De directie gebruikt hierbij in ieder geval de inspectierapporten, enquetes voor de doelgroepen
medewerker, ouders en in mindere mate leerlingen; inzet van intern begeleider, bouwcoördinator en
veldopleider.
Vanuit Colon worden er ook audits uitgevoerd inzake het domein zorg en onderwijs.
iv. Toezicht door de onderwijsinspectie
Aan de school werd op 14 okt. 2009 het basisarrangement toegekend. Dit arrangement wordt telkens
voor een jaar verleend. Elk jaar levert de school de toetsresultaten (LVS-toetsen, CITO-entreetoetsen
en CITO-eindtoets) aan de onderwijsinspectie. In december 2010 kwam de onderwijsinspectie op
basis van de aangeleverde resultaten opnieuw tot het besluit het basisarrangement toe te kennen.
41
Hoofdstuk 6: Resultaten
Waardering: klanten – medewerkers – maatschappij - bestuur
a. Waardering klanten (ouders en leerlingen)
i. Prestatieindicatoren
Vaststellen prestatie-indicatoren
Op basis van de verzamelde gegevens zijn de volgende indicatoren vastgesteld:
- Enthousiasme van het kind om naar school te gaan
- Een goed pedagogisch klimaat in de school (groep)

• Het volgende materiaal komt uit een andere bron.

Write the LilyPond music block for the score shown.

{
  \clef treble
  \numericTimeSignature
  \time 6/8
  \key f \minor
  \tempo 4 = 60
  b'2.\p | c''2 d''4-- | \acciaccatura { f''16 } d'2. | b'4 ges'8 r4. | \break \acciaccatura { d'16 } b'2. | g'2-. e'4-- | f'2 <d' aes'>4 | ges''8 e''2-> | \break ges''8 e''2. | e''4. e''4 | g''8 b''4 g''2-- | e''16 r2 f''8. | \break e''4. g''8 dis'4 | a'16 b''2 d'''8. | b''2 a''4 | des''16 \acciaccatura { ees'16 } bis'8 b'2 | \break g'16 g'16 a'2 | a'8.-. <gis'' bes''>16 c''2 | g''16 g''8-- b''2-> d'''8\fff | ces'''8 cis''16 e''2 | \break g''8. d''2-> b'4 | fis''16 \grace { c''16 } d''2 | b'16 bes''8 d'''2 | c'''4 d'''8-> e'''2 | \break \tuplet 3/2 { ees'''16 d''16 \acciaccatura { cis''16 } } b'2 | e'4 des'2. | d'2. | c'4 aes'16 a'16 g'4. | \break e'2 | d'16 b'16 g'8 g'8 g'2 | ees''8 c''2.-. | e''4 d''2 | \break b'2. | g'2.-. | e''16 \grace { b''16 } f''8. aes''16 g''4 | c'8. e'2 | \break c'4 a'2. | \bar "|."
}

- Signalen, vragen en opmerkingen serieus nemen
- Er moet orde zijn en structuur
- Bijbelgetrouw onderwijs
- Open zijn in de communicatie
- Goede prestaties en leeropbrengsten
- Dat ouders ingeschakeld worden
- Goede relatie met ouders
- Netheid binnen en buiten de school
ii. Norm
Streefnorm in score
De school streeft naar een ruim voldoende score, zowel op het totaal van indicatoren als op de
indicatoren afzonderlijk. De streefnorm geldt zowel bij meting onder ouders als bij de meting onder
leerlingen.
Streefnorm in aantal tevredenheid
De school wil dat minimaal 80% van de ouders zich tevreden uitspreekt over de school.
iii. Meting
Leerlingendeel ZIEN
Voor de meting onder leerlingen zal gebruik gemaakt worden van het leerlingendeel van het
pedagogisch LVS:ZIEN.
Enquête ouders
- Federatief is binnen Colon afgesproken dat halverwege de nieuwe beleidsperiode (eind schooljaar
2012-2013) een ouderenquête zal worden afgenomen. De scholen van Colon zullen hierbij dezelfde
enquête gebruiken, zodat op basis van de uitslag benchmarking kan plaatsvinden èn actiepunten
geformuleerd worden.
- In de nieuwe beleidsperiode zal bij te beleggen ouder- en informatieavonden aan het eind daarvan
telkens een enquête worden afgenomen.
iv. Analyse en verbeteren
Actiepunten
Uitkomsten van enquêtes e.d. worden besproken binnen de het bestuur en/of het managementteam.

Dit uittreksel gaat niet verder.